Because of its history with service providers, the edge isn‘t new to Juniper Networks. The networking giant today comes to market with its flagship WAN edge offering, made up of its SRX Series Services Gateways—physical, virtual and cloud—and Contrail Service Orchestration. The company is working to integrate its Mist Marvis AI/ML engine into its entire portfolio.

Lenovo

Morrisville, N.C.

Top Executive: Yang Yuanqing, Chairman, CEO

Lenovo provides a slew of products for edge locations, from laptops to ruggedized servers for remote locations with a “fit anywhere” form factor. The company’s wireless connectivity, tamper-proof security, built-in AI and zero-touch provisioning create an easily managed edge location. The company calls its ThinkSystem SE350 server the “workhorse” for edge computing.

Microsoft

Redmond, Wash.

Top Executive: Satya Nadella, CEO

Microsoft has doubled down on its intelligent edge focus over the past year with the debut of offerings including Azure Edge Zones for 5G, which reduces latency in 5G networks to lessen the impact on edge deployments. The company also expanded its Azure Stack Edge portfolio of edge computing devices and rolled out updates for Azure Arc—its software that enables the deployment of Azure services to any environment, including at the edge.

NetApp

Sunnyvale, Calif.

Top Executive: George Kurian, CEO

Storage vendor NetApp has technology that remotely or centrally stores data collected at the edge, and can process that data at scale using its NetApp StorageGrid object storage system with its intelligent policy engine that applies and enforces policies related to the data’s performance, durability, availability, geographic location, longevity and cost.

NVIDIA

Santa Clara, Calif.

Top Executive: Jensen Huang, Founder, President, CEO

Nvidia is tackling the edge computing market with a combination of silicon, software and systems expertise. The company’s edge strategy is encompassed in its EGX edge AI platform, a reference architecture and software stack that takes advantage of Nvidia’s full range of compute GPUs and GPU-accelerated software for edge applications.

Pensando

Milpitas, Calif.

Top Executive: Prem Jain, Co-Founder, CEO

Pensando’s mission is to bring the same hyperscaler innovation Amazon Web Services brought to the cloud to what Pensando calls the “new edge.” The company said its flagship software-defined edge services platform delivers 5X to 9X improvements in “productivity, performance and scale” when compared with AWS with no “risk of lock-in.”

Pure Storage

Mountain View, Calif.

Top Executive: Charles Giancarlo, Chairman, CEO

All-flash storage and cloud management technology developer Pure Storage’s Purity Operating Environment is scalable storage software for intelligently managing data across data centers, at the edge or in the cloud.
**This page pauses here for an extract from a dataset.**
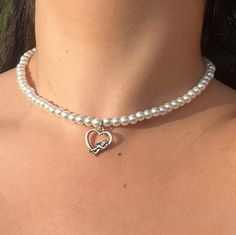 o:. *₊ 𝙟𝙚𝙬𝙚𝙡𝙨 𝙗𝙮 𝙘𝙡𝙤𝙪𝙙𝙮 o. * .* ✧ beaded pearl necklace with an angelic heart charm ✧ necklace length is 15 inches long, and at the end of the necklace is a jump ring ✧ made with stainless steel findings and glass pearl beads thank you for supporting my small business! <3  𝐫𝐞𝐟𝐮𝐧𝐝𝐬 𝐚𝐧𝐝 𝐞𝐱𝐜𝐡𝐚𝐧𝐠𝐞𝐬  𝐣𝐞𝐰𝐞𝐥𝐬𝐛𝐲𝐜𝐥𝐨𝐮𝐝𝐲 currently does not offer exchanges, and only offers refunds in the event of damaged goods upon delivery. if you are unhappy with your purchas White Heart Necklace With Pearl Charm, White Pearl Necklace With Heart Charm, Pearl White Choker Necklace With Pearl Charm, Elegant White Pearl Charm Choker, Angel Pearl Necklace, Charm Choker Necklace, Angel Pendant, Pearl Charms, Chain Styles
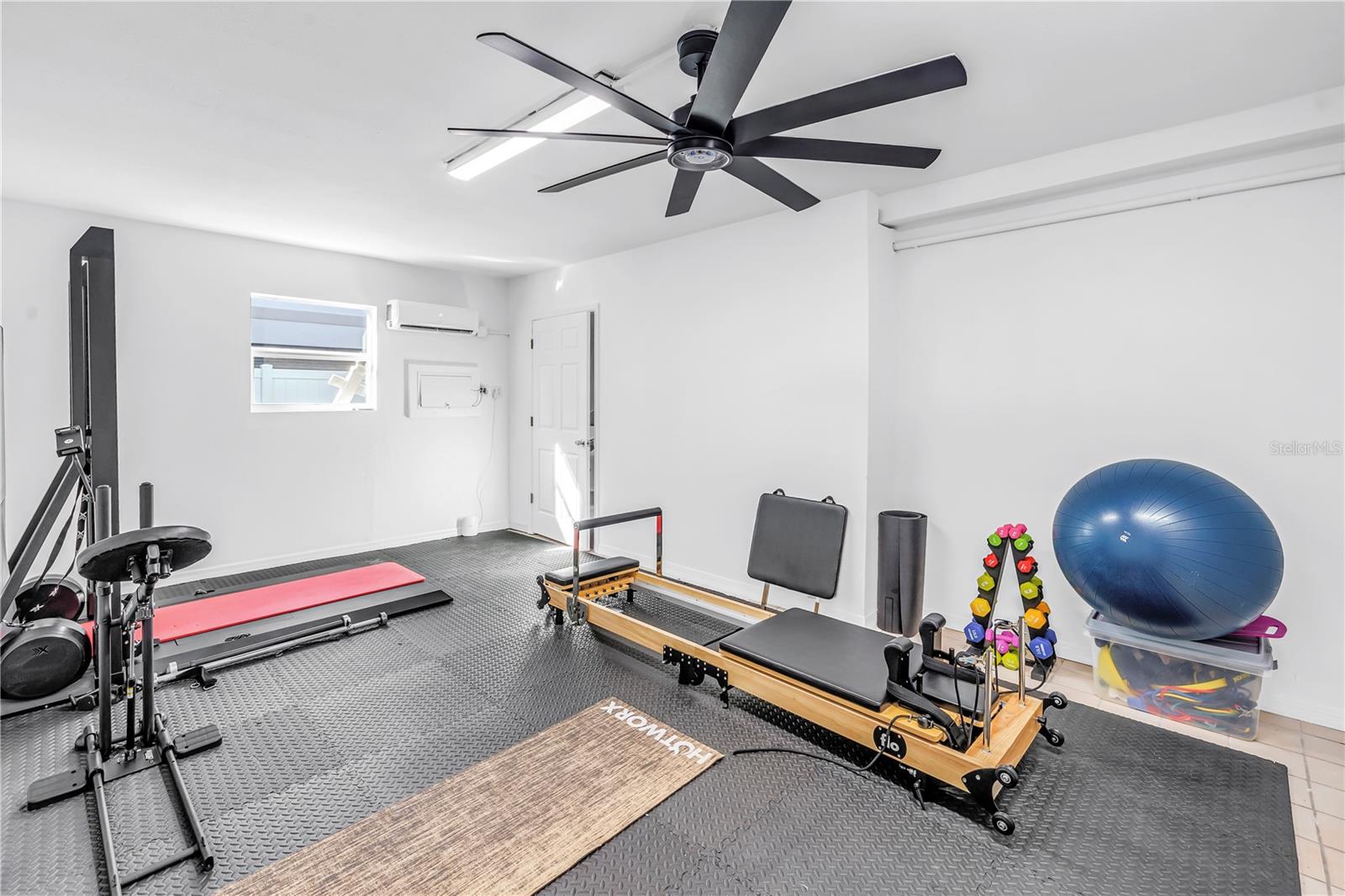 TIERRA VERDE UNIT 1 3RD REP - Residential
It supports a variety of replication, snapshot and other technologies to automatically place workloads and data on the best infrastructure.

Vertiv

Columbus, Ohio

Rob Johnson, CEO

Vertiv’s extensive portfolio of tailor-made edge power, software and service offerings focus on enabling micro data centers in remote and small IT environments. In September, it launched a preintegrated micro data center rack that includes a PDU, monitoring sensors, software and a self-contained rack cooling system for easy edge deployment.